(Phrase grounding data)
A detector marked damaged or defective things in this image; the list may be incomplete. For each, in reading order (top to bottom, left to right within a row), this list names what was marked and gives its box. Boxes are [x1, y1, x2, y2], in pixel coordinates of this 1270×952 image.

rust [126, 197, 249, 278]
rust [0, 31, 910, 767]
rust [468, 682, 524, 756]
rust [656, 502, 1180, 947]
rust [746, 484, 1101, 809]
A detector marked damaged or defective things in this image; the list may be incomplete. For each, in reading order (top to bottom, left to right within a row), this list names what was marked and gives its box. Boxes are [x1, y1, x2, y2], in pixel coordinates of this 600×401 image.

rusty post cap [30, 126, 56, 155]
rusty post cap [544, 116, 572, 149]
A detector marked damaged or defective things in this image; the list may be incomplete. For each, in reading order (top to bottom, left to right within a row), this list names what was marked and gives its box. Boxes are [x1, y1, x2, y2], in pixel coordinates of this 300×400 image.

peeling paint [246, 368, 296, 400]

◆ Exercise aim:
Please write out exactly the line containing "this 300×400 image." and every line after it through the end of the records, nothing more.

◆ Exercise solution:
A detector marked damaged or defective things in this image; the list may be incomplete. For each, in reading order (top to bottom, left to right within a row), this list names what was marked and gives its box. Boxes are [x1, y1, x2, y2], in pixel coordinates of this 300×400 image.

peeling paint [246, 368, 296, 400]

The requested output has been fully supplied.